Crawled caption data
•••••
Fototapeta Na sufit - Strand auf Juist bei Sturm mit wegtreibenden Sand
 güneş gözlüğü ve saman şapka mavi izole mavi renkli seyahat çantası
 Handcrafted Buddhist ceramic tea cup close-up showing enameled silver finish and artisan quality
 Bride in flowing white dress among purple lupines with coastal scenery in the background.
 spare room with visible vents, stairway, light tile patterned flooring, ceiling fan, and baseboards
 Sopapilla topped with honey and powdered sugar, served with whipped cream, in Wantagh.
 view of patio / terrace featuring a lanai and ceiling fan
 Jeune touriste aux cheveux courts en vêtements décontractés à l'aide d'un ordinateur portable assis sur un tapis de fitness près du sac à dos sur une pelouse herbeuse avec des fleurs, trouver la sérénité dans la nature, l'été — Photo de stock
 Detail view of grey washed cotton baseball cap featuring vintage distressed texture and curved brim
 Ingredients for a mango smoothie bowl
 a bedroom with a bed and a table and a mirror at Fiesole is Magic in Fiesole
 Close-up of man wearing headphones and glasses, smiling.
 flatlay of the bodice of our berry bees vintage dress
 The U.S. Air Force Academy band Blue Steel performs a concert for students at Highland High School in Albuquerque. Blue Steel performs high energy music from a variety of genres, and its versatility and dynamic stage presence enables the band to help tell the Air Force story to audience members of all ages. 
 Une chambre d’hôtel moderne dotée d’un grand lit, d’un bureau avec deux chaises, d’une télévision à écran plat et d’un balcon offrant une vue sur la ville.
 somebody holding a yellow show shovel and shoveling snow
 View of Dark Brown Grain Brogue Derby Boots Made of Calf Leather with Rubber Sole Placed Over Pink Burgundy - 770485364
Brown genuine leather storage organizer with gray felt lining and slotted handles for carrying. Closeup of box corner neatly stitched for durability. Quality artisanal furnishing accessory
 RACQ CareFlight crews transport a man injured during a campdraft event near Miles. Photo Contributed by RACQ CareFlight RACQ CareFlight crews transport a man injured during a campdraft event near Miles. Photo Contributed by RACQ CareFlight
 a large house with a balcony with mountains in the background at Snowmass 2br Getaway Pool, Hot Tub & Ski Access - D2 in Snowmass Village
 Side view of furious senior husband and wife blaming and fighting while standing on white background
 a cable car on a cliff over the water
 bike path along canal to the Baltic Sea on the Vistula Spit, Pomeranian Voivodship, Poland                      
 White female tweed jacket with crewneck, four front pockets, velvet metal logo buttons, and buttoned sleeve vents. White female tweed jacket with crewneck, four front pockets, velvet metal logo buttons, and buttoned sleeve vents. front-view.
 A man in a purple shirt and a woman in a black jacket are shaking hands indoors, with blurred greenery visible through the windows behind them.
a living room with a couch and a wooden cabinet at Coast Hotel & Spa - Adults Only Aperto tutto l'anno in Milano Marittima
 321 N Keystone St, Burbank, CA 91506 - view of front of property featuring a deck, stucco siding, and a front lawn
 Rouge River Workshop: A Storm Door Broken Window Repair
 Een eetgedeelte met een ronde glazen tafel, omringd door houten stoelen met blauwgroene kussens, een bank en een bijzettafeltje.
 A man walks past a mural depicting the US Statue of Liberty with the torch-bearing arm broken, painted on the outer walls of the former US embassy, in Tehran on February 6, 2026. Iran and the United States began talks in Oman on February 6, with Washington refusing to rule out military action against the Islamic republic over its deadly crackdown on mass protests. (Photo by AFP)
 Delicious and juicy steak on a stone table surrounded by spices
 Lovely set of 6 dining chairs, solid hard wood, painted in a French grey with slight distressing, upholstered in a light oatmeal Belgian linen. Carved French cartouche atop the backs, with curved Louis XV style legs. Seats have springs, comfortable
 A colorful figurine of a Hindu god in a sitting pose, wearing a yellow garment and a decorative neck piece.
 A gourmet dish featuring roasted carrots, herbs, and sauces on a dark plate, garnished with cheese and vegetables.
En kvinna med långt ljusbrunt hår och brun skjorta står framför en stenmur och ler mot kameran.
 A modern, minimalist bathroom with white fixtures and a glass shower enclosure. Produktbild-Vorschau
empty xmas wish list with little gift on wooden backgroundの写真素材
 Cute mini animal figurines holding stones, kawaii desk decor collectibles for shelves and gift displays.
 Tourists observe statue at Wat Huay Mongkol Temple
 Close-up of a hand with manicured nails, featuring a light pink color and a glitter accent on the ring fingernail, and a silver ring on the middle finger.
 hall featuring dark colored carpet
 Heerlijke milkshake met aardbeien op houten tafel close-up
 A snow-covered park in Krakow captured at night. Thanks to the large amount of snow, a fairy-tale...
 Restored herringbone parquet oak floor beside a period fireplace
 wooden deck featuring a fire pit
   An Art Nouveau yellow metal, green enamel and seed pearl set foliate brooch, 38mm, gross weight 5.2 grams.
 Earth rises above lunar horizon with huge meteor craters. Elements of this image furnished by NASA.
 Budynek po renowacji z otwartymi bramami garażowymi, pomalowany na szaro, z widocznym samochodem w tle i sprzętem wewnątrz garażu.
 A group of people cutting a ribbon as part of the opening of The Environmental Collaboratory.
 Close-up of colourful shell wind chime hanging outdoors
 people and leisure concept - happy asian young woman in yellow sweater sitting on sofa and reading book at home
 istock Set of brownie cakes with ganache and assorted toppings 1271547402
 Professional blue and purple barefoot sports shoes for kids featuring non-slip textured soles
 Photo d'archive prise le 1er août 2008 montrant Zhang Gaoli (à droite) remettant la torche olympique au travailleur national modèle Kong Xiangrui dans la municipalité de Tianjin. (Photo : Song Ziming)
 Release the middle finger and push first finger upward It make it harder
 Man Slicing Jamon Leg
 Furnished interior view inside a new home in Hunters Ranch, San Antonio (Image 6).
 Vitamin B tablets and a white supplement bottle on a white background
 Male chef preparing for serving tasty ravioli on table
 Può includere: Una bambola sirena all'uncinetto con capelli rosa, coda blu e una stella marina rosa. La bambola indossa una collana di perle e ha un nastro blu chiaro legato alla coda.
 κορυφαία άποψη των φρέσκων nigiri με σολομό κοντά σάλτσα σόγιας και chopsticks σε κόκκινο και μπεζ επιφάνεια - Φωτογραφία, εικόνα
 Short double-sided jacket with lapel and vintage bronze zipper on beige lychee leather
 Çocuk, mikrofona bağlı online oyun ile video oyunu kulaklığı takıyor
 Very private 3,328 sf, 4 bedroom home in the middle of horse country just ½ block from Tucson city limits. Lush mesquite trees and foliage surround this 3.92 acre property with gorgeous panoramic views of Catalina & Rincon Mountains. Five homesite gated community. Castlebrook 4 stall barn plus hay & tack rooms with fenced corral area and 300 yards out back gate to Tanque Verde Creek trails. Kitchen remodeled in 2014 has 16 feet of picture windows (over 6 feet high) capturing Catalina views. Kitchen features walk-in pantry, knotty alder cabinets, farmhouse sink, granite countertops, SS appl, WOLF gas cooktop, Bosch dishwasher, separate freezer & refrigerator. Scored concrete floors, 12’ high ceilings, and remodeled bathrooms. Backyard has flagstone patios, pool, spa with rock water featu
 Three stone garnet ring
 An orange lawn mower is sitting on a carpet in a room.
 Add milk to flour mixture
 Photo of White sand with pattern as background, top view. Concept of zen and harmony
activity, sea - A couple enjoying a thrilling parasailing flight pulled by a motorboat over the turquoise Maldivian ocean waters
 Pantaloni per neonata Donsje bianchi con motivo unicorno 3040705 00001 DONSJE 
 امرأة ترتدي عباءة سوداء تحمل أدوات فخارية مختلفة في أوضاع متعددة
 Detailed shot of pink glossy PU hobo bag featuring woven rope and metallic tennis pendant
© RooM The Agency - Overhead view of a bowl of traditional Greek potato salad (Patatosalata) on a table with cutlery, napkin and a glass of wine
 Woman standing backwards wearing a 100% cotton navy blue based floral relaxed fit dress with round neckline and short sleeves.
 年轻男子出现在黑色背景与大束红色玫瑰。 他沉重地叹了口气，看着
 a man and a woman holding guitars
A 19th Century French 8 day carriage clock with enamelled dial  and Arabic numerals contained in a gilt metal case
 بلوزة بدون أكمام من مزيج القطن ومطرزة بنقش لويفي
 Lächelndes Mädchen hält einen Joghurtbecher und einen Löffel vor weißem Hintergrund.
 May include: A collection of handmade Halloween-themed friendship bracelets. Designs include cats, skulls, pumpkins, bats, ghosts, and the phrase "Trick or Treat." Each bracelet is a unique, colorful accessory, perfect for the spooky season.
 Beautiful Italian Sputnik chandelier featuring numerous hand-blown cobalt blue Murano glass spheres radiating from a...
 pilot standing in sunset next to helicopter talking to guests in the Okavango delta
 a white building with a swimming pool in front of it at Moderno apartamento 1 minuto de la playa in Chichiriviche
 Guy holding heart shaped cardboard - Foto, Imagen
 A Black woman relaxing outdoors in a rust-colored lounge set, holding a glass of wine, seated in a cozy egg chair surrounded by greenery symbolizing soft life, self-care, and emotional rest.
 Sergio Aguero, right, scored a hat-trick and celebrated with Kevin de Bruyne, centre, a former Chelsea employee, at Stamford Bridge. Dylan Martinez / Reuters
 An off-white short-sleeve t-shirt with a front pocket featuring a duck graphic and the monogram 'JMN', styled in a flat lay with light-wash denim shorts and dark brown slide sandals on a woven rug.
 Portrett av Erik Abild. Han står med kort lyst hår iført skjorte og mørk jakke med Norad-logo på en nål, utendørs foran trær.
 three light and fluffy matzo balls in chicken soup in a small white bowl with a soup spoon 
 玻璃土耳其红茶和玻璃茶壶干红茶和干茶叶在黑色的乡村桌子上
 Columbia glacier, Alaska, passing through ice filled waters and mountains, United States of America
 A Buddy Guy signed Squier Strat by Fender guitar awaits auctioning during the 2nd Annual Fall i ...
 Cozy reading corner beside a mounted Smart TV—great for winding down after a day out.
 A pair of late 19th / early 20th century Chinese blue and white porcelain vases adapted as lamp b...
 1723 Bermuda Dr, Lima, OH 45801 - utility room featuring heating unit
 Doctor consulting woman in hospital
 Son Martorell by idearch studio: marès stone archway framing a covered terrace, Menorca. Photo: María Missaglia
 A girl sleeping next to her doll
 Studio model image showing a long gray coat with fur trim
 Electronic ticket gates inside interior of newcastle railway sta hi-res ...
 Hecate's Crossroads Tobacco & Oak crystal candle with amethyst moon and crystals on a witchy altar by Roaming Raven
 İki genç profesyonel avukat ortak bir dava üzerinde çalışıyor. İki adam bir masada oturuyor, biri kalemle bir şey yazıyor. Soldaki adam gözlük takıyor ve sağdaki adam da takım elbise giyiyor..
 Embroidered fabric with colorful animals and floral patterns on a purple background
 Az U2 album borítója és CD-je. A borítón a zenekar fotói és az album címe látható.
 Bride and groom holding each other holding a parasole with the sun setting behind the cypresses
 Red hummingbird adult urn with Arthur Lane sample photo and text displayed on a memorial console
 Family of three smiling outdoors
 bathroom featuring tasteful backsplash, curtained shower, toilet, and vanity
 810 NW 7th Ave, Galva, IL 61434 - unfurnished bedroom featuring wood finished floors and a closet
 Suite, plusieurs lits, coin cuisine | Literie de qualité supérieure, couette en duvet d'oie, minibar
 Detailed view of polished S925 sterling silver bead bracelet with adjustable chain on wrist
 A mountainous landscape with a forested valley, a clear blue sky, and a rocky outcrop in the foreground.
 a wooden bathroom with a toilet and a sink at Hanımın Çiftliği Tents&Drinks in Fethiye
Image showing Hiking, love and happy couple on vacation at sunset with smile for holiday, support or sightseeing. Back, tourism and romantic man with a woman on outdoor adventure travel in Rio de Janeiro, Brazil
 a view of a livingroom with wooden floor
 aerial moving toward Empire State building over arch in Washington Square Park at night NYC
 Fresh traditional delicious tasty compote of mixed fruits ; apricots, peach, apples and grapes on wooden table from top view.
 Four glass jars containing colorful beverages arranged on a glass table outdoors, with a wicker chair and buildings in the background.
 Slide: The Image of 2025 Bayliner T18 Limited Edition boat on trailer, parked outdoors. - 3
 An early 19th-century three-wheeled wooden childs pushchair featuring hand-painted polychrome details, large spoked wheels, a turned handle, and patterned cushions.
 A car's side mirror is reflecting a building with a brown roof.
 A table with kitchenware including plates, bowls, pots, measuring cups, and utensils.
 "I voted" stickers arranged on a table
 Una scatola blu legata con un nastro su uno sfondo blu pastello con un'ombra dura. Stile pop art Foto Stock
•••••
*WHAT NEEDS TO BE DONE*: In the records above, how many lines include "reading"? Reply only with the number.

*EXERCISE RESULT*: 2